**Your objective:** Give back, exactly as written, the lines from the first line of the data below through the line with "Zapatillas de estar", and omit the pictures.
__________
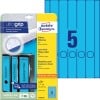 Packungsabbildung mit Etikettenbogen: Avery Zweckform Ordner-Etiketten, Artikel:  L4749-20, Format: 38 x 297 mm, Druckereignung: Inkjet,Laser s/w,Farblaser, Inhalt: 100 Etiketten / 20 Bögen, 5 Etiketten/Bogen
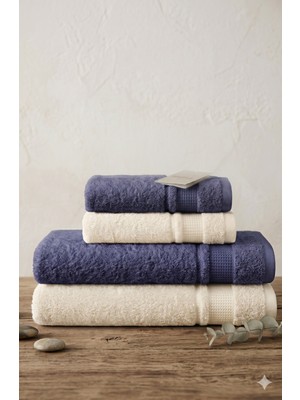 Özdilek Colurist Havlu Seti 2 Banyo Havlusu 90X150 cm 2 El-Yüz Havlusu 50X90 cm Indigo-Krem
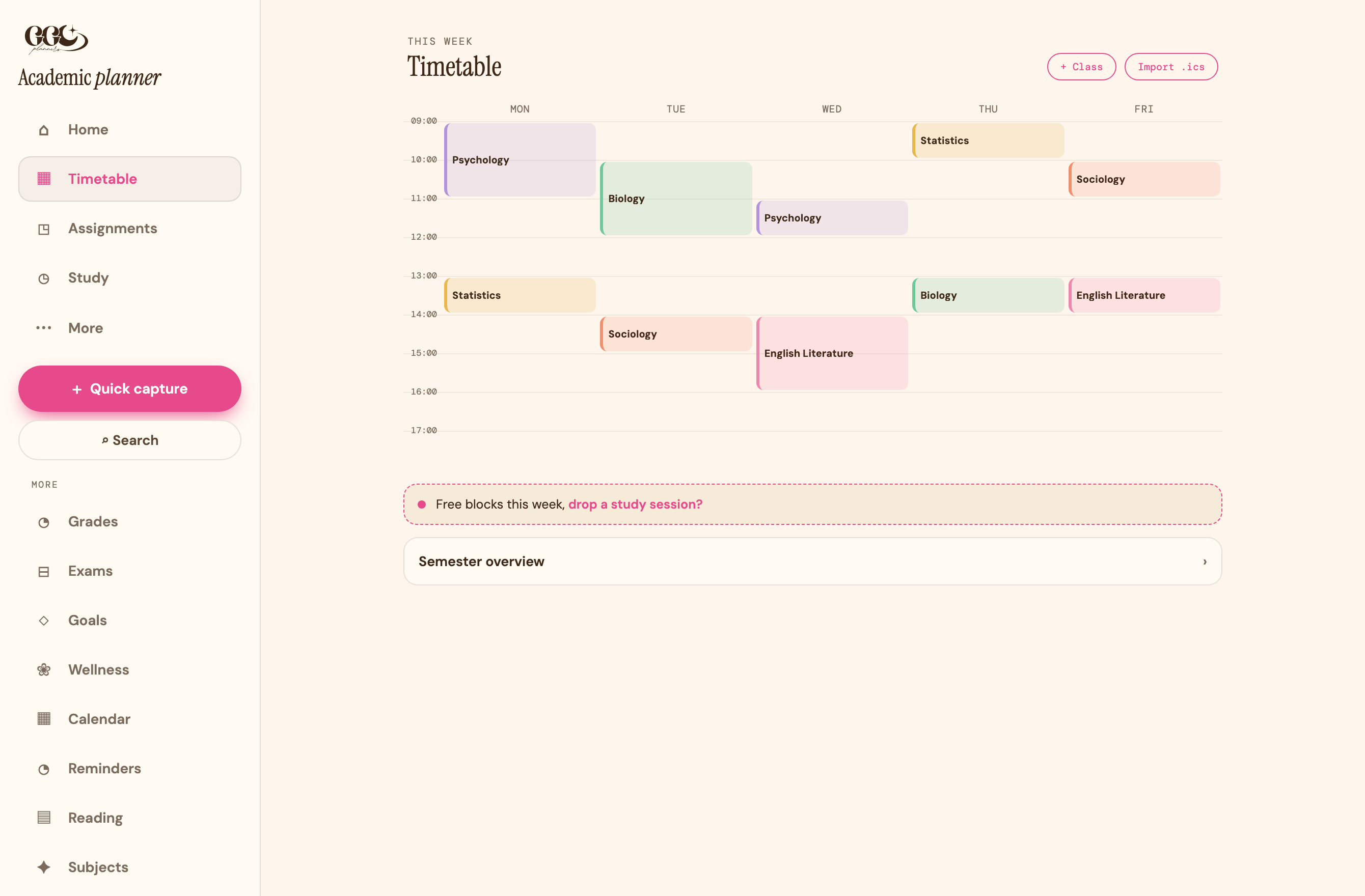 The weekly timetable, colour coded by subject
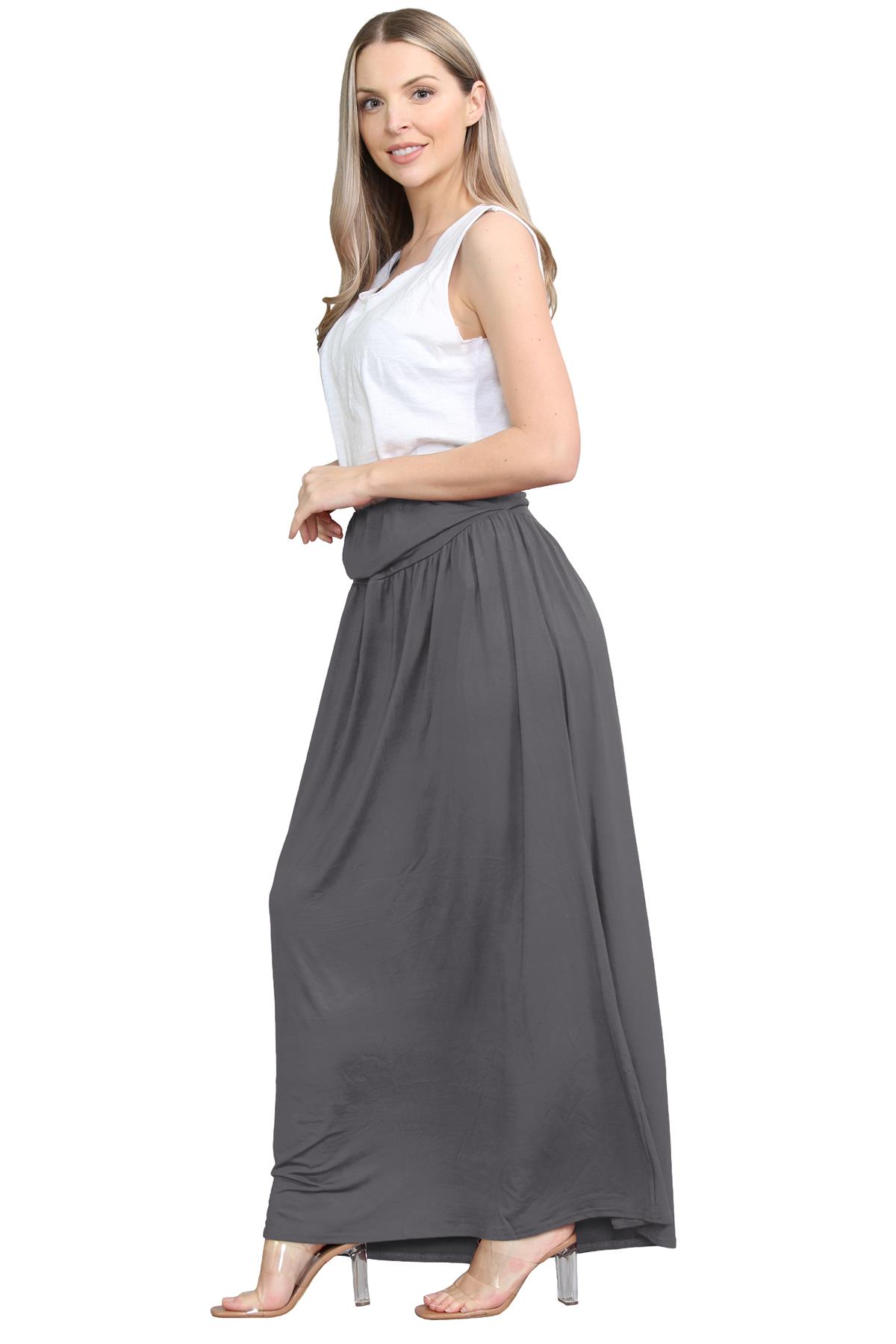 Womens Fold Over Maxi Skirt Plain Pleated Waist Jersey Summer Gypsy Long Skirt - Picture 11 of 68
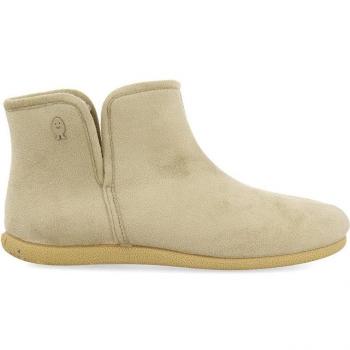 Zapatillas de estar por casa beige tipo botín con detalle de pelo Sifjord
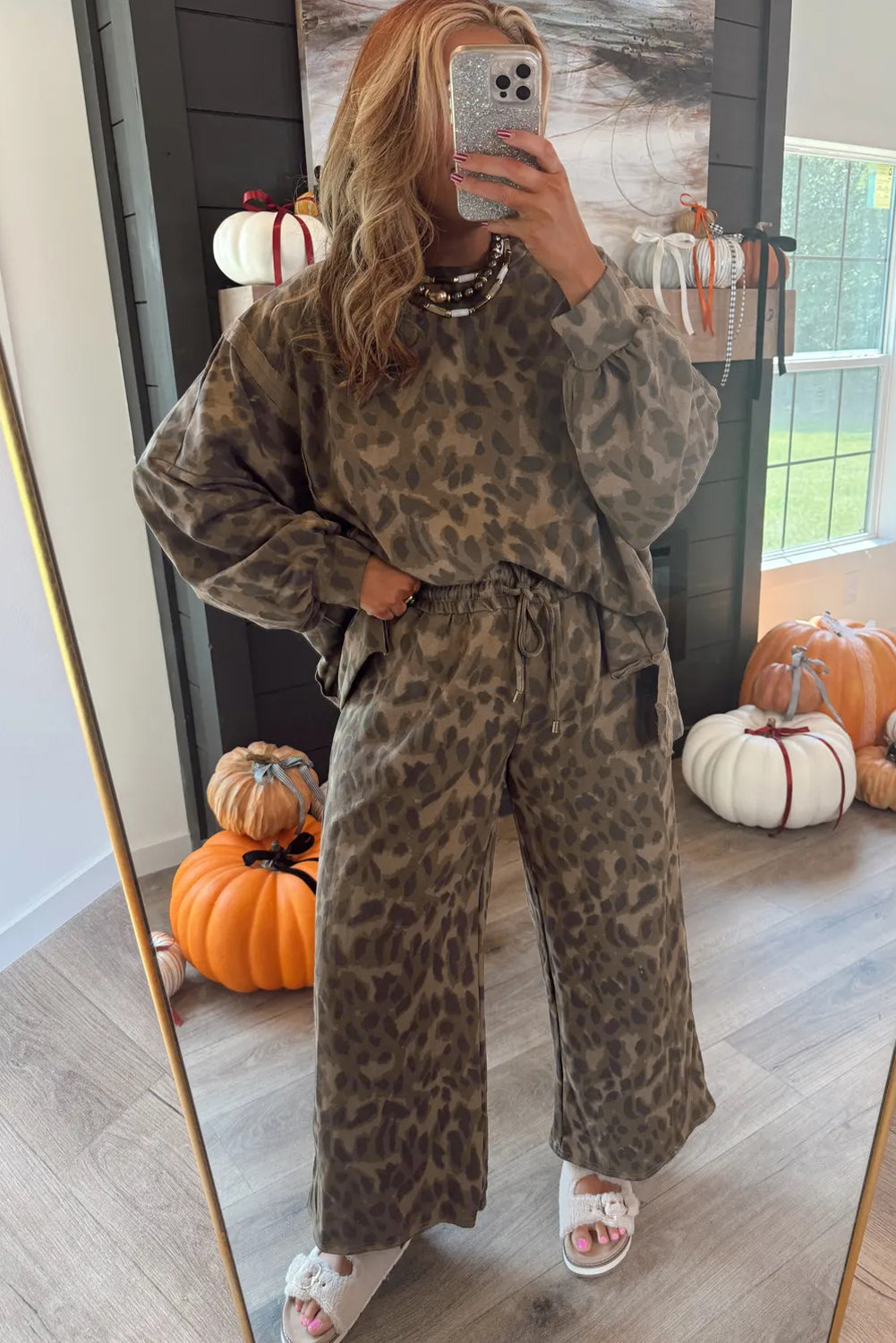 Brown Allover Leopard Print Pullover Drawstring Loose Pants Set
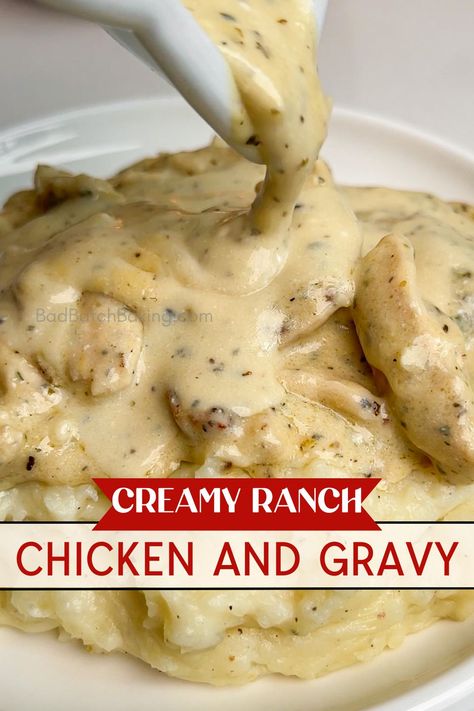 creamy ranch chicken and gravy Ranch Smothered Chicken, Creamy Ranch Sauce For Chicken, Oven Baked Chicken With Gravy, White Chicken Gravy, Creamy Chicken Dinner, Creamy Ranch Chicken, Chicken And Gravy, Batch Baking, Buttery Mashed Potatoes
__________
**Answer for the task:**
 Packungsabbildung mit Etikettenbogen: Avery Zweckform Ordner-Etiketten, Artikel:  L4749-20, Format: 38 x 297 mm, Druckereignung: Inkjet,Laser s/w,Farblaser, Inhalt: 100 Etiketten / 20 Bögen, 5 Etiketten/Bogen
 Özdilek Colurist Havlu Seti 2 Banyo Havlusu 90X150 cm 2 El-Yüz Havlusu 50X90 cm Indigo-Krem
 The weekly timetable, colour coded by subject
 Womens Fold Over Maxi Skirt Plain Pleated Waist Jersey Summer Gypsy Long Skirt - Picture 11 of 68
 Zapatillas de estar por casa beige tipo botín con detalle de pelo Sifjord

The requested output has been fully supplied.